I recommend the writing of Pearl S. Buck. Her book, "Voices in the House," is a riotous clash between the compassionate civilized landowner and his sense of intrusion which extends beyond his own extending family to grandfathered servants in his employ. This attorney married the daughter who grew up on the Manchester, Vermont estate. He commutes to the city to at least give counsel to the indicted mobsters in their constitutionally preserved right to assert their defense. Meanwhile people are growing up around him and finding their own way, and one of them has dreams of inclusion that are denied, which creates her imbalance as daughter of the cook.

I remember standing in the dark peering into some diaramas of turn of the century New York, and would have remained there, in fact, did so in my imagination. This girl, of course, truly fits the part of leaving the servants' quarters and luxuriating about the main house. She also learned to speak well and receives favorable verbal descriptions of her general aura of lovliness.

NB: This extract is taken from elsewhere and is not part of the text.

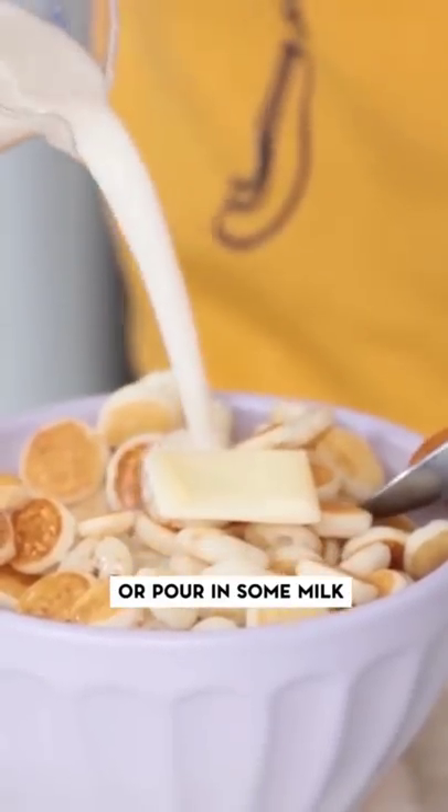Now we are going to add milk and see what happens. Oh, it's very soggy. I have mixed feelings about this recipe — I do not think it works very well as cereal.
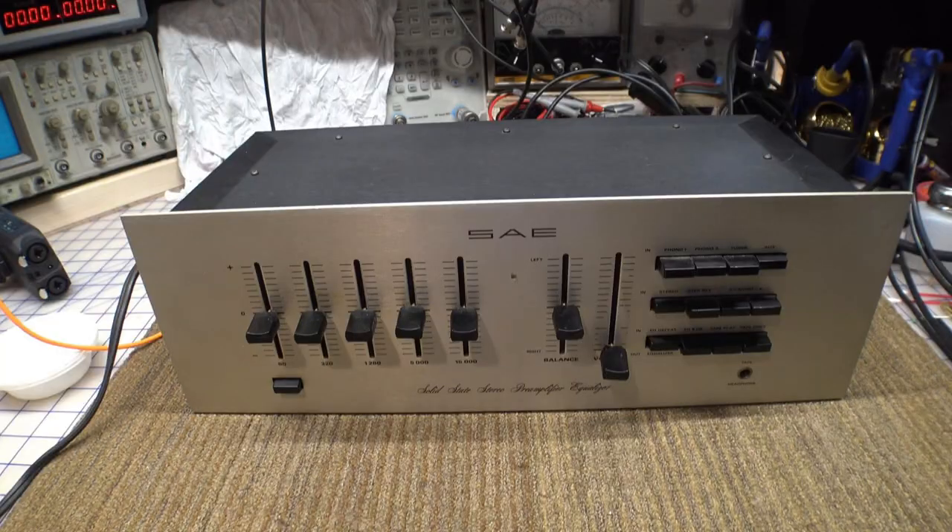The other thing I want to bring up is, if any of you have had a chance to read through the comments section on the preamp video — the one on that SAE preamp with the equalizer — I asked all of you to give me your opinions and thoughts about the use of graphic equalizers. I was stunned by how many of you commented and how many good comments I got, both for using an equalizer and against it, and a lot of the things I had never even thought of.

Ms. Buck's reserved and curiously objective descriptions extend to all parties. At some point she pulls back from the main family, the husband and wife, to suggest this is all we can expect from them. Ultimately they explore and acknowledge their part in the bizarre turn of events...

Truly high level bizarre material has transpired by this time, involving a large protective attack dog and even sewing needles ???...

"We didn't just -- let her into the house."

Good idea! Welcome her. We grow from our dreams when we explore them in reality.

At the time of this book's publication, 1953, Ms. Buck was writing under the pseudonym of John Sedges.

To convey the pleasures and insights to be found within, here is an exerpt from the book which illuminates the meaning of Adam's Rib:

"Eve, made from the rib of Adam, was only the legend of the perverse and female moon torn from the side of the newly created globe of billions of years ago, and the gaping wound of the Pacific basin, raw basalt at the bottom, was still unhealed as man himself. And here was the moon as he had seen it last night, whirling above the yearning earth, remote and unreachable, never again to be joined, and yet pulling the earth's tides toward herself, only to reject them again and again in the ceaseless rise and fall of the rhythms of untiring creation. "

I read the 35 cent 1960 paperback Cardinal Edition with a cover that looks like it was painted by Darryl Green.